### ASSIGNMENT
Line by line, reproduce the records exactly.

(Short text fragments from websites)
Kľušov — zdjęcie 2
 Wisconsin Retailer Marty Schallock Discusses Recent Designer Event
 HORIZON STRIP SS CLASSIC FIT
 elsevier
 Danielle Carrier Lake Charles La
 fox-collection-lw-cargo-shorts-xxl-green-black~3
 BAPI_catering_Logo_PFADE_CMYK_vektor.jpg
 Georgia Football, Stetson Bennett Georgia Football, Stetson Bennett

### ANSWER TO THIS EXERCISE
Kľušov — zdjęcie 2
 Wisconsin Retailer Marty Schallock Discusses Recent Designer Event
 HORIZON STRIP SS CLASSIC FIT
 elsevier
 Danielle Carrier Lake Charles La
 fox-collection-lw-cargo-shorts-xxl-green-black~3
 BAPI_catering_Logo_PFADE_CMYK_vektor.jpg
 Georgia Football, Stetson Bennett Georgia Football, Stetson Bennett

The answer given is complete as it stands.